What do you think about all the recent talk about reviving the lenient positions of Sephardic authorities on various issues? On the one hand, changes in Jewish law like these do fit your approach; on the other hand, in the end the Ashkenazim were 90% of the Jewish people before the Holocaust (Wikipedia), so for example when Rabbi Haim Amsalem permits his leniency regarding mikvehs on the basis of Sephardic rabbis, how can I rely on that at all? The rabbis of the West are a tiny minority within the Jewish people, a minority of a minority (they are not even all the Sephardim).
And in that context, another question: when we say that one may rely on an individual opinion in a pressing situation, does that mean that he is actually correct?
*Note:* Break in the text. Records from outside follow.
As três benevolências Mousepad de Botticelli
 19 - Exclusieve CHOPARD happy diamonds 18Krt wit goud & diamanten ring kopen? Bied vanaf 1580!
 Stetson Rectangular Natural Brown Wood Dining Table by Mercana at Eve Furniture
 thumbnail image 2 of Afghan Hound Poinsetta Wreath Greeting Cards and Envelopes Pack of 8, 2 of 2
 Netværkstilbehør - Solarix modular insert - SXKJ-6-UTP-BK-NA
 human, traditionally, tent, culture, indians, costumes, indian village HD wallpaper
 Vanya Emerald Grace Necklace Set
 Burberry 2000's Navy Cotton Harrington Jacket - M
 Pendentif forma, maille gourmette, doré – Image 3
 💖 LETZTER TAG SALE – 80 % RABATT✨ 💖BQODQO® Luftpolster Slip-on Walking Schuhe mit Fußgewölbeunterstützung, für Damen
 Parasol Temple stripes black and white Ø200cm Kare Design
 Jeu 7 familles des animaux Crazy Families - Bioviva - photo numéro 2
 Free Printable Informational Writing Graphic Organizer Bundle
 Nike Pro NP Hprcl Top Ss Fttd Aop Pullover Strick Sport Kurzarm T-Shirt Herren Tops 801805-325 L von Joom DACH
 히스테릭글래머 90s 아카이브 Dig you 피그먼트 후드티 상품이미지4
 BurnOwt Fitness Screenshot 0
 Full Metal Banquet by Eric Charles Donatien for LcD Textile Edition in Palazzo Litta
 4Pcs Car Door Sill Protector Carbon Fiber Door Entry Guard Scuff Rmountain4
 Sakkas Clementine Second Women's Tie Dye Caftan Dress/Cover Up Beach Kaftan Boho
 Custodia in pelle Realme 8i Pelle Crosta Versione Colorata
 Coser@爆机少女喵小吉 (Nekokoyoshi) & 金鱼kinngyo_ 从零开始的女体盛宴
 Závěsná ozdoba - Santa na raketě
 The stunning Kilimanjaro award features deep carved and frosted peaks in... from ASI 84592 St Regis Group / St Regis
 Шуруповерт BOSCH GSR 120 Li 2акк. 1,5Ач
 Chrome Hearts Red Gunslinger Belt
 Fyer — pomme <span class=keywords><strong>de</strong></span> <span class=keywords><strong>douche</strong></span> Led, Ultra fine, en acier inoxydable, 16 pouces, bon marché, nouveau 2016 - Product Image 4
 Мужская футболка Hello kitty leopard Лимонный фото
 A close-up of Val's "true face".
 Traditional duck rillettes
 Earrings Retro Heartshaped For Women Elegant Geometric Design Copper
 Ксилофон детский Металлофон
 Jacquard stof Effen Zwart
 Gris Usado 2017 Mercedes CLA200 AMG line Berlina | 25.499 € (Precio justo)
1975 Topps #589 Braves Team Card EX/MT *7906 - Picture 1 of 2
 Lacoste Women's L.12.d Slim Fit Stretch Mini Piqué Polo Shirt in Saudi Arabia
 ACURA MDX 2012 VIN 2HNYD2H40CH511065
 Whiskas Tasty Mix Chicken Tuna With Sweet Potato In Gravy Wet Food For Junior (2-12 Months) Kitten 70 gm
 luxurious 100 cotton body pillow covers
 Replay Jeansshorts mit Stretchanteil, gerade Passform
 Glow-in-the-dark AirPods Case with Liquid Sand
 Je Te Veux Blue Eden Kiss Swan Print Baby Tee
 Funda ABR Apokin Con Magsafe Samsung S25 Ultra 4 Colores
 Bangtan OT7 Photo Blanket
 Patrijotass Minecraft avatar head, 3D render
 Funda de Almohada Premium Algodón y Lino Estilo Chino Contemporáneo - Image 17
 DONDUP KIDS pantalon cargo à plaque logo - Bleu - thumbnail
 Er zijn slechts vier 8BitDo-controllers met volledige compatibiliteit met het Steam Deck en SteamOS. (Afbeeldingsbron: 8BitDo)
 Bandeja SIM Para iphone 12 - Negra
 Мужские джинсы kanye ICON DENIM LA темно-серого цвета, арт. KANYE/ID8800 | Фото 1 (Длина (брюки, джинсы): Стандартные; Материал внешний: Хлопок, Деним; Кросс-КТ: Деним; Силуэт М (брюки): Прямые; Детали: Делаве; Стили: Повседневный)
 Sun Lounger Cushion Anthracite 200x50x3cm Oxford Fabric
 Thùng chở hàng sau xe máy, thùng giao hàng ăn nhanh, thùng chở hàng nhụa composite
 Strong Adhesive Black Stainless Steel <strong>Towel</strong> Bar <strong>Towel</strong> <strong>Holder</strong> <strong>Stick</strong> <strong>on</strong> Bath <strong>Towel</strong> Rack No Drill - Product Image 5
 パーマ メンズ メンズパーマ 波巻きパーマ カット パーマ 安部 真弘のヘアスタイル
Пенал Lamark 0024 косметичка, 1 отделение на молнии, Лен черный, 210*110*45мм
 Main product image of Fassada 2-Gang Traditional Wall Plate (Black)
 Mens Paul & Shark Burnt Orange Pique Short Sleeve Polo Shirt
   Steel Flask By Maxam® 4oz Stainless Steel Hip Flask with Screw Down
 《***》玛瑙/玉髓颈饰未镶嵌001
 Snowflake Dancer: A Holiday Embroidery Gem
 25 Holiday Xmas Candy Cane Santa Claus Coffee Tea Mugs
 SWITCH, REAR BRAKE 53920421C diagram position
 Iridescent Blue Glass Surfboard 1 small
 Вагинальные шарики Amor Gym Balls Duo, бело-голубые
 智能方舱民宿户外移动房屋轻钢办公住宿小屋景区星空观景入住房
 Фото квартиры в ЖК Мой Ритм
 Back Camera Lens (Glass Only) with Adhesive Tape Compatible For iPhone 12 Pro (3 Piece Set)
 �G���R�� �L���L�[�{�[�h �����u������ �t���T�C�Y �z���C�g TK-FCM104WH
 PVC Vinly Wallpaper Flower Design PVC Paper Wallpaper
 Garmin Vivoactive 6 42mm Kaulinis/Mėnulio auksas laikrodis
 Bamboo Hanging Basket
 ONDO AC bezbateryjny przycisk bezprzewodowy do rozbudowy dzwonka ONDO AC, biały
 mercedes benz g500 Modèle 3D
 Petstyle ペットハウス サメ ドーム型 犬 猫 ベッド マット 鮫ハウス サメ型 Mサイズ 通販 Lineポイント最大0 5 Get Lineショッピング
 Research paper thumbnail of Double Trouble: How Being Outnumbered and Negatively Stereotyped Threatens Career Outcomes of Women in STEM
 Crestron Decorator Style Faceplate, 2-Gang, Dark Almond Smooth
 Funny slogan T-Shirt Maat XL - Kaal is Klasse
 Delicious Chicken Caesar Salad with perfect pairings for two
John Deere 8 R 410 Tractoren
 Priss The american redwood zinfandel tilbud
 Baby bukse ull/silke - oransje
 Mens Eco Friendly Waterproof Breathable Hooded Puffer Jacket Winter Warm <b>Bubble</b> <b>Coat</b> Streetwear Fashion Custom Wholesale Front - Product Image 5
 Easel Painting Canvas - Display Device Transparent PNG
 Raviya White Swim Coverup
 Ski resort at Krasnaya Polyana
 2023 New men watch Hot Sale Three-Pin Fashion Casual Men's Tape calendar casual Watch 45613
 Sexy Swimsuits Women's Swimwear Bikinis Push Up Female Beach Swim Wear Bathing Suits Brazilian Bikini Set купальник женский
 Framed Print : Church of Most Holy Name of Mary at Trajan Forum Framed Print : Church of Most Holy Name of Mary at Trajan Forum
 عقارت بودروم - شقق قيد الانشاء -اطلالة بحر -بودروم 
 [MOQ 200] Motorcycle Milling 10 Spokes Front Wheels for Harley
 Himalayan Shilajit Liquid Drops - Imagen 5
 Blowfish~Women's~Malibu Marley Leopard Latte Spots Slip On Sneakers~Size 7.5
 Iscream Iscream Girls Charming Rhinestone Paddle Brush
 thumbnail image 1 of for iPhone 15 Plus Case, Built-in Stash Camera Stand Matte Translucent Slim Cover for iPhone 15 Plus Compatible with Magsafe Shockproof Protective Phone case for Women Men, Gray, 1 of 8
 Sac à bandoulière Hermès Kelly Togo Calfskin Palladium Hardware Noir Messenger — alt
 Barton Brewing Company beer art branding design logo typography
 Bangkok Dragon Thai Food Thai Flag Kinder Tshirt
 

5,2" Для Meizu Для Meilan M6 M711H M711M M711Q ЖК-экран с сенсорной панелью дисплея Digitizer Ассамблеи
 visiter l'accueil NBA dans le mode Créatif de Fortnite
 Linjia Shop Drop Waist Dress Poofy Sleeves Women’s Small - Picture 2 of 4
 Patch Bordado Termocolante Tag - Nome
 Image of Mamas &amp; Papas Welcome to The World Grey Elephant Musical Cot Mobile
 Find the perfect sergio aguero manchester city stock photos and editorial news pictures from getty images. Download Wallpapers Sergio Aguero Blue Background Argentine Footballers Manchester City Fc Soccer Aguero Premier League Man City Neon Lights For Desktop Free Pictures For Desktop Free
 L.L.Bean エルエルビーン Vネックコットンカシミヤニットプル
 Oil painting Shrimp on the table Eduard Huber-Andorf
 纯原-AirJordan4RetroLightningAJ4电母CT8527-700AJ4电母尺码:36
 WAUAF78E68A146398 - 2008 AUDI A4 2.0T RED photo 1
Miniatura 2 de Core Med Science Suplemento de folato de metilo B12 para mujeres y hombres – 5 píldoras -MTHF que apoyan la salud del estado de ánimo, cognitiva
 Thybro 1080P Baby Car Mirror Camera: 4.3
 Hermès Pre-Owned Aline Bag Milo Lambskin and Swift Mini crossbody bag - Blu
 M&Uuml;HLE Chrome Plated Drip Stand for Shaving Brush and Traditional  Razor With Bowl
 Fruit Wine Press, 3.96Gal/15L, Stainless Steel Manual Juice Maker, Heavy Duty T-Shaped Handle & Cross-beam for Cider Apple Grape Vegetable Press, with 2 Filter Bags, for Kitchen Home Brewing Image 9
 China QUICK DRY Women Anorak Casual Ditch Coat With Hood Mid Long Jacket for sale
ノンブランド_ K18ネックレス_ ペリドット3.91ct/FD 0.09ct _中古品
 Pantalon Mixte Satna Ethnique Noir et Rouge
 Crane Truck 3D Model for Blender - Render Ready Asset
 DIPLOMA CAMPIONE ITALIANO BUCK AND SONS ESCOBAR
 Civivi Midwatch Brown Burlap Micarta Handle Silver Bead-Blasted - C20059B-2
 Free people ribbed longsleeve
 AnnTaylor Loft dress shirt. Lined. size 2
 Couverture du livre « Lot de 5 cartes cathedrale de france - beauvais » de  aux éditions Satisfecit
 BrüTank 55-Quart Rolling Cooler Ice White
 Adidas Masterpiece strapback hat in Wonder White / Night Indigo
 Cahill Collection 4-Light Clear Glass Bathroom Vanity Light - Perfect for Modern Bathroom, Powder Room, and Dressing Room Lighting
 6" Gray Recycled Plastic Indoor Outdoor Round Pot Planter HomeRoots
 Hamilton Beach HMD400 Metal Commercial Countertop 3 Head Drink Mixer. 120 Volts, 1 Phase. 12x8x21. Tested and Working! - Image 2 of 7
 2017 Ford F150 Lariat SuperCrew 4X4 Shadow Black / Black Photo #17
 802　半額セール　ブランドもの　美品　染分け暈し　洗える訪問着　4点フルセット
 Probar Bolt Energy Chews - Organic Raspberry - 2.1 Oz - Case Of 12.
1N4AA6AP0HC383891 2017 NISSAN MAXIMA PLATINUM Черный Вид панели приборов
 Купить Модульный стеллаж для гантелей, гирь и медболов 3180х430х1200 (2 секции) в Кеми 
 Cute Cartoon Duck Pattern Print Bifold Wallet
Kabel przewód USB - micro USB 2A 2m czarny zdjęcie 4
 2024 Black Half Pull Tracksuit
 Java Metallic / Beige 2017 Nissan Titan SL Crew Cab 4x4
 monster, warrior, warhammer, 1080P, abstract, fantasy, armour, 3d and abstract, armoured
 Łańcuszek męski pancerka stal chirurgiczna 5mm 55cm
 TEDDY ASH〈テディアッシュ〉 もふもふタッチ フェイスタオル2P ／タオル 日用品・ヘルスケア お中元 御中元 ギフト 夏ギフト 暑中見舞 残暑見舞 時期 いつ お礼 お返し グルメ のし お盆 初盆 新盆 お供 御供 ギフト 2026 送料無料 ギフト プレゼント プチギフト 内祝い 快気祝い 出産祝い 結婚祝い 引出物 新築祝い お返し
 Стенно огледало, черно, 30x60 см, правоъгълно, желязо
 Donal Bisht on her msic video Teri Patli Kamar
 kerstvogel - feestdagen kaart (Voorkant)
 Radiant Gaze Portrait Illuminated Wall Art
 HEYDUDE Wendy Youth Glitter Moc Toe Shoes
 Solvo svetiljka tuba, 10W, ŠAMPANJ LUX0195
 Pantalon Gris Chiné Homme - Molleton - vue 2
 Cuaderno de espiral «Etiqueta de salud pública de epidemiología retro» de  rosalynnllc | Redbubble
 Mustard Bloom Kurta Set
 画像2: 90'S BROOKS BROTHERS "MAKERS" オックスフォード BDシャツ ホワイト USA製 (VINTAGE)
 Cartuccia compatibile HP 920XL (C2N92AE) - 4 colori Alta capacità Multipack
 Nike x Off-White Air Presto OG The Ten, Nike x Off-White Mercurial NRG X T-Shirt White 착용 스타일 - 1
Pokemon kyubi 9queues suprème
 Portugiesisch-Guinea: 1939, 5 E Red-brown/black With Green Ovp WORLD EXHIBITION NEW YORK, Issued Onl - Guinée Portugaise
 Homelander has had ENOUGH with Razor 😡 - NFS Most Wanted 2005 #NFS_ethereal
Or is it simply that if he is in the minority I may not rely on him even if in my eyes he is right, and only in a pressing situation is it permitted (according to the view that one must listen to our contemporary rabbis because of “follow the majority,” not necessarily because of “according to all that they instruct you,” which is the middle position among the medieval authorities (Rishonim), for example in the homilies of Rabbenu Nissim)? But that still would not mean he is actually right, and if I relied on him and he was mistaken, then I’m the one who gets burned.

Answer

This really isn’t all that recent. It seems to me that Zvi Zohar started this trend, and many have already struck hard at his position and shown that quite a few Sephardic rabbis were stringent.
As far as I’m concerned, the ethnic origin of the halakhic decisor does not interest me very much. The question is whether he is right. So I do not see any relevance in whether these were Sephardic sages or Ashkenazic ones. And even those who maintain that the Shulchan Arukh binds Sephardim and the Rema binds Ashkenazim (I am not among them, except perhaps when I am in doubt), that refers to the Shulchan Arukh and the Rema, not to Sephardic or Ashkenazic rabbis nowadays.
 

Discussion on Answer

Avi (2020-04-12)

Doesn’t the custom that each person follows the rulings of his own community obligate him by force of “do not forsake”?

Michi (2020-04-12)

In my opinion, no. When you have a position, you should follow it. When you don’t have a position, then the laws of custom apply, and then there is room for communal customs. I wrote that when I am in doubt, it is different.